A word-for-word printout of the whole listing is needed.

* [Supplied data]:
..........

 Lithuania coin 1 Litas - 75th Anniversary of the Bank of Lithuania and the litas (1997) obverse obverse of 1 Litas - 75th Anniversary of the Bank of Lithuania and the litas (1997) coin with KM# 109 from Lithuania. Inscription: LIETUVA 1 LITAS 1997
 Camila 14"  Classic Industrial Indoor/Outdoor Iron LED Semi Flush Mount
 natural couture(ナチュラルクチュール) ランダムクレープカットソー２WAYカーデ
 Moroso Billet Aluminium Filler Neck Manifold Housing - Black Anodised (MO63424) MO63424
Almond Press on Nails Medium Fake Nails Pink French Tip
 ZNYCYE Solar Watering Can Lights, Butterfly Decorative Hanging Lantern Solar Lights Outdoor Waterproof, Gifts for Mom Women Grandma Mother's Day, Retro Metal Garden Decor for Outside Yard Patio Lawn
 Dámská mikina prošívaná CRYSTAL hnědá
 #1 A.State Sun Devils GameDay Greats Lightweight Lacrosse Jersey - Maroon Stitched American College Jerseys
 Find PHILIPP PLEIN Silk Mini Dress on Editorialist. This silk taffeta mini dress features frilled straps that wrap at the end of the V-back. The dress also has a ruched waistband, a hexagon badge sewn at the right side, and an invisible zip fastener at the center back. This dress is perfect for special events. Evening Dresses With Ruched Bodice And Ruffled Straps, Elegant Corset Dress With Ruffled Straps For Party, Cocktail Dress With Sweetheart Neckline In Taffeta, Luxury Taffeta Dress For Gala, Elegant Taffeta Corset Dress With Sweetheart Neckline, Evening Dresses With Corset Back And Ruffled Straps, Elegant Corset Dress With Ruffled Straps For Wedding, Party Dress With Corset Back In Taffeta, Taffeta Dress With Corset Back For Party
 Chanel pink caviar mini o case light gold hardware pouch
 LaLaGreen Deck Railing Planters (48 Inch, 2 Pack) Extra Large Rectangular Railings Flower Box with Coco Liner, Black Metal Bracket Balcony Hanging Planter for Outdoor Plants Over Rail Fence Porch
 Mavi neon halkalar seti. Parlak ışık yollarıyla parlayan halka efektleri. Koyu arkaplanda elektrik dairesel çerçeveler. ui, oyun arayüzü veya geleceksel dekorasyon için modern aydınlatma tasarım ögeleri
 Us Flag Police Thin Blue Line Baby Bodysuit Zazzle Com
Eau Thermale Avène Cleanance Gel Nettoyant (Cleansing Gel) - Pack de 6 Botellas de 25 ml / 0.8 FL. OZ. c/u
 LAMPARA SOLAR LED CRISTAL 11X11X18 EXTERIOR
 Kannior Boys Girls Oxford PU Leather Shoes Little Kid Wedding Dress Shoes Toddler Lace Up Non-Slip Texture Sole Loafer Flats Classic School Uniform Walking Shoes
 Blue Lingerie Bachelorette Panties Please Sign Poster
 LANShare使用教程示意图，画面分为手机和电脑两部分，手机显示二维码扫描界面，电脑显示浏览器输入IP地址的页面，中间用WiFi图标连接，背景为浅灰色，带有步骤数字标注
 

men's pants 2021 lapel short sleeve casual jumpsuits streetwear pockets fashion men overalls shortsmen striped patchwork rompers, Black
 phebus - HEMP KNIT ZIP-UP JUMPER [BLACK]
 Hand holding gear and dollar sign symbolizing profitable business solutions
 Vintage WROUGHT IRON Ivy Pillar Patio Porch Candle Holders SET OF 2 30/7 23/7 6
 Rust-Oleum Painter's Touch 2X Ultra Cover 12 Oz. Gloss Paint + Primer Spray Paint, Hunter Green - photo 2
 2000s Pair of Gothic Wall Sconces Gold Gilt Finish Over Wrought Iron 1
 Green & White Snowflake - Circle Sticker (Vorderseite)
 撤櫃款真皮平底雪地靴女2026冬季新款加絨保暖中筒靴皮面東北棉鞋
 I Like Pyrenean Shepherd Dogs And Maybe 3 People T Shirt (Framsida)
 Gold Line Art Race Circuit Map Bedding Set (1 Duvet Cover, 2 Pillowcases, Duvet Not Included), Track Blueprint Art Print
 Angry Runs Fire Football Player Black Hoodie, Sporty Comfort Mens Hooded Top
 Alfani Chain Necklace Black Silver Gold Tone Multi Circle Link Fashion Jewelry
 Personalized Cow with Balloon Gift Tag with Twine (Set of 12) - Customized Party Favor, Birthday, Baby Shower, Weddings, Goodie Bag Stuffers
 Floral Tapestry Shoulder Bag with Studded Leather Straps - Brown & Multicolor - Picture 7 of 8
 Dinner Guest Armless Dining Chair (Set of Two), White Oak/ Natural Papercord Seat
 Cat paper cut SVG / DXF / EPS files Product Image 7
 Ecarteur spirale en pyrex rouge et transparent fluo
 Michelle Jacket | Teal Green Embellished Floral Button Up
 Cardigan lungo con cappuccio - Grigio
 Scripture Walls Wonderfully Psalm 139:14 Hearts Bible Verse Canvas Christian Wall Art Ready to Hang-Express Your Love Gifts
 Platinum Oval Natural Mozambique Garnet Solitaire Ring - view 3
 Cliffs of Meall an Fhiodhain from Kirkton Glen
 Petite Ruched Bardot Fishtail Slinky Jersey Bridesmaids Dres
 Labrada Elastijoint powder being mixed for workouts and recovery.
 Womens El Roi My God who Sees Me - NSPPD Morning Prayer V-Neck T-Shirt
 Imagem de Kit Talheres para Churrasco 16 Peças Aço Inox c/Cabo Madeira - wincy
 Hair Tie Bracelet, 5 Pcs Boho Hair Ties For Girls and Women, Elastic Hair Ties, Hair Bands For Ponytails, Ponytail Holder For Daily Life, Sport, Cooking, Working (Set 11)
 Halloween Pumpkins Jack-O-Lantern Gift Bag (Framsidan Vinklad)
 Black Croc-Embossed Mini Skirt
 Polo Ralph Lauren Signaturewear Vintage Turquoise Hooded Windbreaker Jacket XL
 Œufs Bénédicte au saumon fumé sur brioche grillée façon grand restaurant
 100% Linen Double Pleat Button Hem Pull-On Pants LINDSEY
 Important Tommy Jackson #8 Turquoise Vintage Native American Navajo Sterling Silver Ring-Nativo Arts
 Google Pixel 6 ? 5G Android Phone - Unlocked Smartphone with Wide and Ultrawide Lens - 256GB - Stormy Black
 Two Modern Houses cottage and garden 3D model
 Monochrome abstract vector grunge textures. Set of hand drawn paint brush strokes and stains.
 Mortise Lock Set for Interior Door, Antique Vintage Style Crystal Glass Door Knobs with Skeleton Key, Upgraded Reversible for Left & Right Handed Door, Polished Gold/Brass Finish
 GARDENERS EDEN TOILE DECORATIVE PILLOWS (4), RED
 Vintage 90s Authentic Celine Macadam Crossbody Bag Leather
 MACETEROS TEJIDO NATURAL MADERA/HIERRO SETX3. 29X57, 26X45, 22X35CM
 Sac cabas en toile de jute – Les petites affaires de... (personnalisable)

..........

* [Response below]:
 Lithuania coin 1 Litas - 75th Anniversary of the Bank of Lithuania and the litas (1997) obverse obverse of 1 Litas - 75th Anniversary of the Bank of Lithuania and the litas (1997) coin with KM# 109 from Lithuania. Inscription: LIETUVA 1 LITAS 1997
 Camila 14"  Classic Industrial Indoor/Outdoor Iron LED Semi Flush Mount
 natural couture(ナチュラルクチュール) ランダムクレープカットソー２WAYカーデ
 Moroso Billet Aluminium Filler Neck Manifold Housing - Black Anodised (MO63424) MO63424
Almond Press on Nails Medium Fake Nails Pink French Tip
 ZNYCYE Solar Watering Can Lights, Butterfly Decorative Hanging Lantern Solar Lights Outdoor Waterproof, Gifts for Mom Women Grandma Mother's Day, Retro Metal Garden Decor for Outside Yard Patio Lawn
 Dámská mikina prošívaná CRYSTAL hnědá
 #1 A.State Sun Devils GameDay Greats Lightweight Lacrosse Jersey - Maroon Stitched American College Jerseys
 Find PHILIPP PLEIN Silk Mini Dress on Editorialist. This silk taffeta mini dress features frilled straps that wrap at the end of the V-back. The dress also has a ruched waistband, a hexagon badge sewn at the right side, and an invisible zip fastener at the center back. This dress is perfect for special events. Evening Dresses With Ruched Bodice And Ruffled Straps, Elegant Corset Dress With Ruffled Straps For Party, Cocktail Dress With Sweetheart Neckline In Taffeta, Luxury Taffeta Dress For Gala, Elegant Taffeta Corset Dress With Sweetheart Neckline, Evening Dresses With Corset Back And Ruffled Straps, Elegant Corset Dress With Ruffled Straps For Wedding, Party Dress With Corset Back In Taffeta, Taffeta Dress With Corset Back For Party
 Chanel pink caviar mini o case light gold hardware pouch
 LaLaGreen Deck Railing Planters (48 Inch, 2 Pack) Extra Large Rectangular Railings Flower Box with Coco Liner, Black Metal Bracket Balcony Hanging Planter for Outdoor Plants Over Rail Fence Porch
 Mavi neon halkalar seti. Parlak ışık yollarıyla parlayan halka efektleri. Koyu arkaplanda elektrik dairesel çerçeveler. ui, oyun arayüzü veya geleceksel dekorasyon için modern aydınlatma tasarım ögeleri
 Us Flag Police Thin Blue Line Baby Bodysuit Zazzle Com
Eau Thermale Avène Cleanance Gel Nettoyant (Cleansing Gel) - Pack de 6 Botellas de 25 ml / 0.8 FL. OZ. c/u
 LAMPARA SOLAR LED CRISTAL 11X11X18 EXTERIOR
 Kannior Boys Girls Oxford PU Leather Shoes Little Kid Wedding Dress Shoes Toddler Lace Up Non-Slip Texture Sole Loafer Flats Classic School Uniform Walking Shoes
 Blue Lingerie Bachelorette Panties Please Sign Poster
 LANShare使用教程示意图，画面分为手机和电脑两部分，手机显示二维码扫描界面，电脑显示浏览器输入IP地址的页面，中间用WiFi图标连接，背景为浅灰色，带有步骤数字标注
 

men's pants 2021 lapel short sleeve casual jumpsuits streetwear pockets fashion men overalls shortsmen striped patchwork rompers, Black
 phebus - HEMP KNIT ZIP-UP JUMPER [BLACK]
 Hand holding gear and dollar sign symbolizing profitable business solutions
 Vintage WROUGHT IRON Ivy Pillar Patio Porch Candle Holders SET OF 2 30/7 23/7 6
 Rust-Oleum Painter's Touch 2X Ultra Cover 12 Oz. Gloss Paint + Primer Spray Paint, Hunter Green - photo 2
 2000s Pair of Gothic Wall Sconces Gold Gilt Finish Over Wrought Iron 1
 Green & White Snowflake - Circle Sticker (Vorderseite)
 撤櫃款真皮平底雪地靴女2026冬季新款加絨保暖中筒靴皮面東北棉鞋
 I Like Pyrenean Shepherd Dogs And Maybe 3 People T Shirt (Framsida)
 Gold Line Art Race Circuit Map Bedding Set (1 Duvet Cover, 2 Pillowcases, Duvet Not Included), Track Blueprint Art Print
 Angry Runs Fire Football Player Black Hoodie, Sporty Comfort Mens Hooded Top
 Alfani Chain Necklace Black Silver Gold Tone Multi Circle Link Fashion Jewelry
 Personalized Cow with Balloon Gift Tag with Twine (Set of 12) - Customized Party Favor, Birthday, Baby Shower, Weddings, Goodie Bag Stuffers
 Floral Tapestry Shoulder Bag with Studded Leather Straps - Brown & Multicolor - Picture 7 of 8
 Dinner Guest Armless Dining Chair (Set of Two), White Oak/ Natural Papercord Seat
 Cat paper cut SVG / DXF / EPS files Product Image 7
 Ecarteur spirale en pyrex rouge et transparent fluo
 Michelle Jacket | Teal Green Embellished Floral Button Up
 Cardigan lungo con cappuccio - Grigio
 Scripture Walls Wonderfully Psalm 139:14 Hearts Bible Verse Canvas Christian Wall Art Ready to Hang-Express Your Love Gifts
 Platinum Oval Natural Mozambique Garnet Solitaire Ring - view 3
 Cliffs of Meall an Fhiodhain from Kirkton Glen
 Petite Ruched Bardot Fishtail Slinky Jersey Bridesmaids Dres
 Labrada Elastijoint powder being mixed for workouts and recovery.
 Womens El Roi My God who Sees Me - NSPPD Morning Prayer V-Neck T-Shirt
 Imagem de Kit Talheres para Churrasco 16 Peças Aço Inox c/Cabo Madeira - wincy
 Hair Tie Bracelet, 5 Pcs Boho Hair Ties For Girls and Women, Elastic Hair Ties, Hair Bands For Ponytails, Ponytail Holder For Daily Life, Sport, Cooking, Working (Set 11)
 Halloween Pumpkins Jack-O-Lantern Gift Bag (Framsidan Vinklad)
 Black Croc-Embossed Mini Skirt
 Polo Ralph Lauren Signaturewear Vintage Turquoise Hooded Windbreaker Jacket XL
 Œufs Bénédicte au saumon fumé sur brioche grillée façon grand restaurant
 100% Linen Double Pleat Button Hem Pull-On Pants LINDSEY
 Important Tommy Jackson #8 Turquoise Vintage Native American Navajo Sterling Silver Ring-Nativo Arts
 Google Pixel 6 ? 5G Android Phone - Unlocked Smartphone with Wide and Ultrawide Lens - 256GB - Stormy Black
 Two Modern Houses cottage and garden 3D model
 Monochrome abstract vector grunge textures. Set of hand drawn paint brush strokes and stains.
 Mortise Lock Set for Interior Door, Antique Vintage Style Crystal Glass Door Knobs with Skeleton Key, Upgraded Reversible for Left & Right Handed Door, Polished Gold/Brass Finish
 GARDENERS EDEN TOILE DECORATIVE PILLOWS (4), RED
 Vintage 90s Authentic Celine Macadam Crossbody Bag Leather
 MACETEROS TEJIDO NATURAL MADERA/HIERRO SETX3. 29X57, 26X45, 22X35CM
 Sac cabas en toile de jute – Les petites affaires de... (personnalisable)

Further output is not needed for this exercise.